Sehr geehrter Herr Ostner,
über die ‚Piraten‘ kann ich nicht viel sagen; zu den wesentlichen Herausforderungen unseres Landes haben sie sich nicht positioniert: Euro, Steuern, Kinderbetreuung, Rente, Gesundheitsökonomik, Pflege, Ausländerintegration. Und was man bisher gehört hat – Drogenfreigabe und ‚bedingungsloses Grundeinkommen‘ –, vermittelt mir nicht den Eindruck, als wäre den ‚Piraten‘ bewusst, welchen Problemen unser Land wirklich entgegensieht.

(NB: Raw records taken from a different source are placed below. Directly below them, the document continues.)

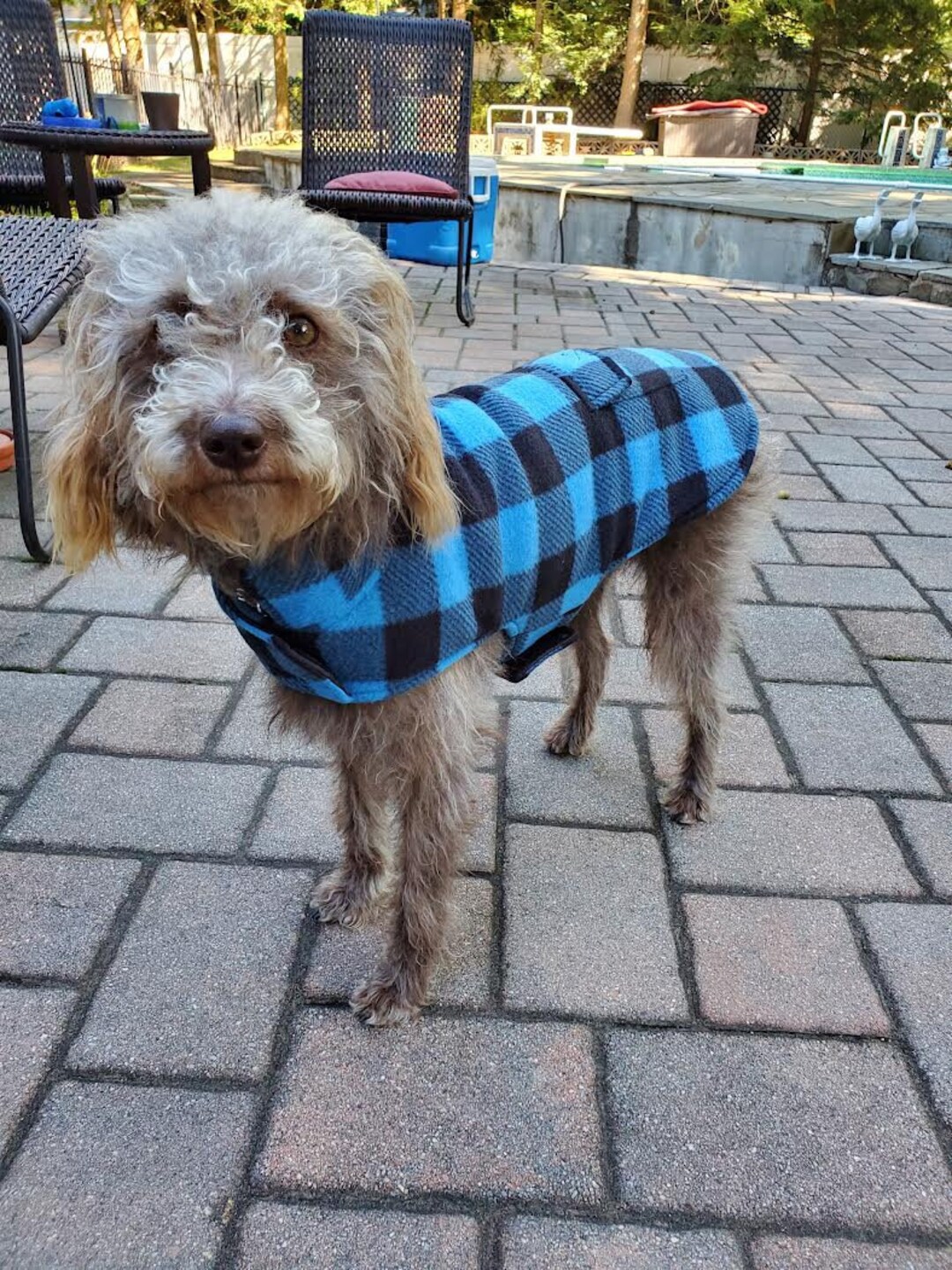 Fashionable Plaid Dog Jacket, Cute Pet Clothing, Comfy Dog Winter Coat, Pet Vest, Warm Dog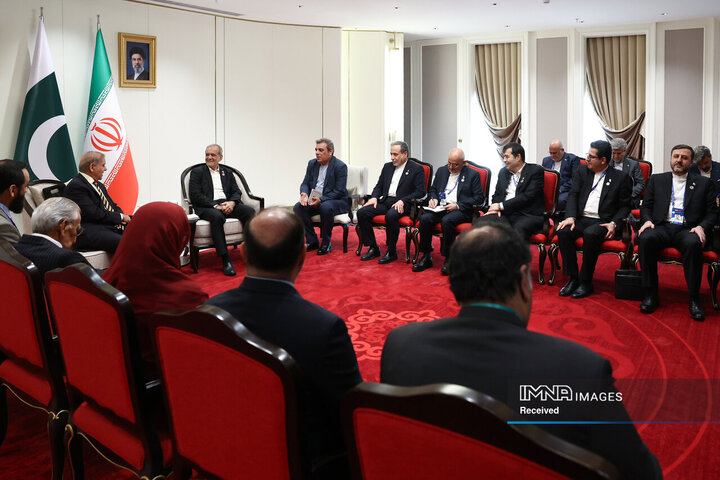 دیدار نخست‌وزیر پاکستان با رئیس جمهور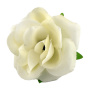 Englische Rose, Elfenbein, 1 Stück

Das Buch von H.-O. Henkel habe ich nicht gelesen, habe ihn aber oft genug als Talkshowgast im Fernsehen gesehen. Über die Gründung einer neuen Partei möchte ich nicht spekulieren. Ich bezweifle aber, dass Herr Henkel gemeinsam mit etwa Jürgen Elsässer in einer neuen Gruppierung politisch glücklich würde.
Jedenfalls habe ich Verständnis für die Enttäuschung über die haarsträubenden Fehlentwicklungen in der europäischen Integration, zumal in Bezug auf die Währungsunion. Ich selbst bin auch entsetzt über den eingetretenen Schaden. Allerdings glaube ich nicht, dass jetzt – wo das Kind sozusagen in den Brunnen gefallen ist – scheinbar einfache ‚Wahrheiten‘, Radikallösungen und Rosskuren eine ökonomisch und sozial verträgliche Therapie sein können („Lasst sie doch alle pleite gehen“, „Wir treten aus dem Euro aus“ o.ä.).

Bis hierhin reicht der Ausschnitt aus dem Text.